Reference tiers used on one migration (review each batch before proceeding):
| Tier | Threshold | Files | Savings |
| -------------- | --------------------------- | ----- | ------- |
| Bloated files | bpp > 1 | 265 | ~3.9 GB |
| Camera JPEGs | bpp > 0.6 | 603 | ~6.5 GB |
| DSLR 4K photos | bpp > 0.6 + downscale to 4K | 815 | ~8.8 GB |
### Bulk exiftool
Always use `-stay_open True` batch mode — single-invocation-per-file is orders of magnitude slower.
## icloudpd
Use the git version of [icloud_photos_downloader](https://github.com/icloud-photos-downloader/icloud_photos_downloader). Session cookies live under `~/.pyicloud/` (`.cookie` + `.session` files per account). Reauthentication is required periodically; loop the download command to handle intermittent failures.
## Deduplication
`jdupes -r -d -N <dir>` — run across both `icloud/` and `takeout/` together for cross-source dedup by content hash — no filename assumptions needed.
## Immich import
`npx @immich/cli upload -r -c 4 --key $IMMICH_API_KEY --server https://your-immich-instance/api by_year/YYYY/`
Import year by year. Verify Live Photo pairing after first batch.
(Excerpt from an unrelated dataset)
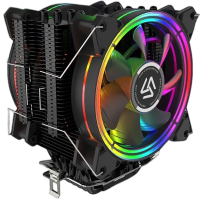 Кулер для процессора ALSEYE H120D V2 TDP 200W RGB, RTL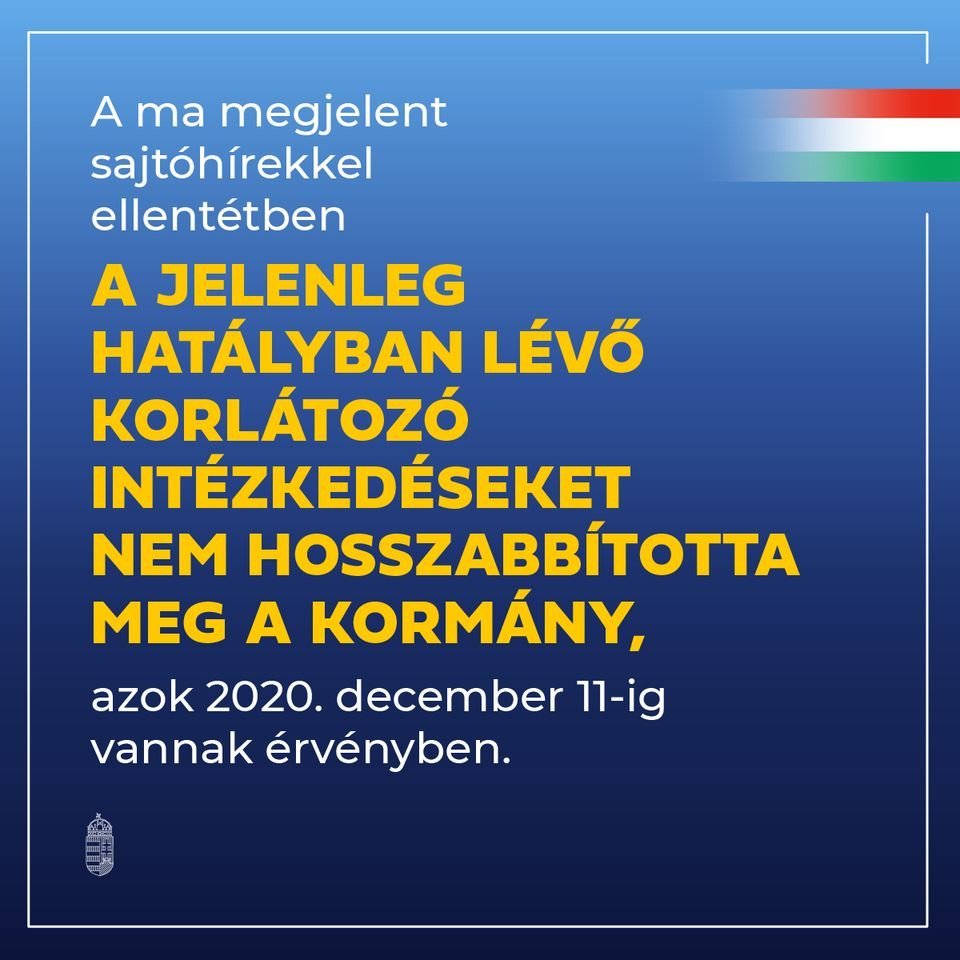 Meghosszabbította a kormány a veszélyhelyzetet 2021. február 8-ig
API endpoints for cleanup: `/api/search/metadata` (POST with JSON body), `/api/assets` (DELETE with `{"ids":[...],"force":true}`). When bad files are already imported, use the API to find and delete them programmatically rather than clicking through the UI.
Honest take
Staying with Google Photos or iCloud would have been perfectly fine. Neither platform was failing me. What I’m genuinely happy about after this migration is that I’ve centralized everything and filtered and processed the data in the process. Years of duplicate photos, bloated formats, and scattered albums are now clean and organized.